With the park designed that way, the real winner is the Irvine Co. And that's probably no accident of cartography. The company is a political powerhouse and has played both sides of the El Toro issue (it ought to be the company's slogan: “No matter who wins, we do”). On the anti-airport side, the Irvine Co. has been a key player from the beginning. Paul Eckles, head of the South County's anti-airport cities group, ETRPA, has observed that any future non-aviation use for El Toro will “fit in with the plans of the county's largest landowner.”

You couldn't ignore them with an army. The company is determined to control El Toro any way it can—if not through county supervisors it hand-picks, then through state and federal officials it knows how to schmooze. In 1995, the company was prepared to swap 10,000 acres of canyons near the Cleveland National Forest for just 850 acres on the 4,700-acre base. In a moment of rare candor, Huntington Beach Republican Congressman Dana Rohrabacher called the plan a “rip-off”; Clinton's Interior Department agreed and killed the deal.
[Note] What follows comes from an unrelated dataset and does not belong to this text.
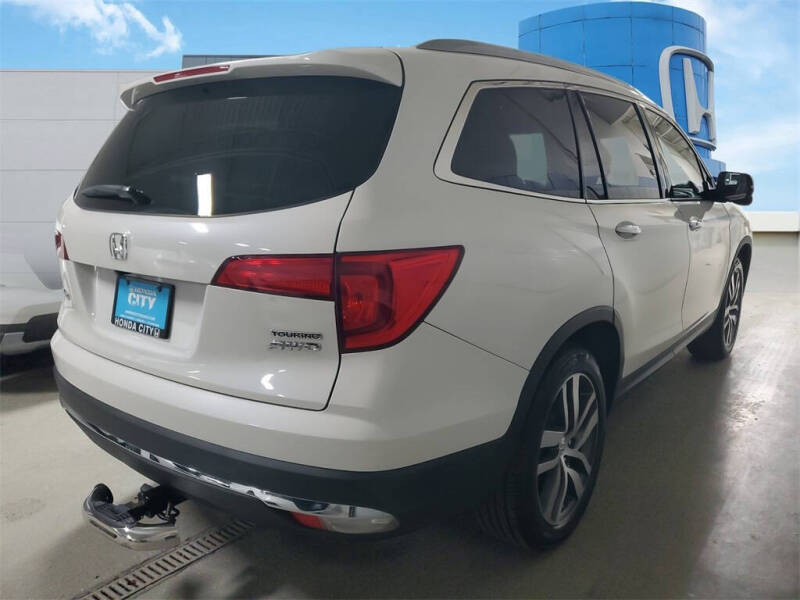 2018 Honda Pilot Touring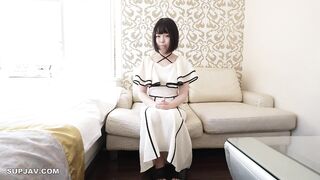 FC2PPV 4720780 5日まで1090pt! 【初】白肌ショート美女20歳　イケおジマッチョに下をセめられ中出し「だめ～いく～」痙攣と快感で濡 jav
What a surprise that the company should end up with something better than that—a vast central park that runs up to the doorsteps of its property—under the current initiative.

For much of the county's history, parks and dedicated open space have been the cast-off, otherwise undevelopable lands of the Irvine Co. and other landowners. Usually environmentally sensitive and rugged and sometimes sheer cliffs, the lands are a poor trade for the valuable and vast acreages buried beneath tract homes and business complexes.

El Toro represents a chance for Irvine or county officials—whoever ends up controlling the base—to reverse that pattern and finally recoup the benefits of public investment for the public.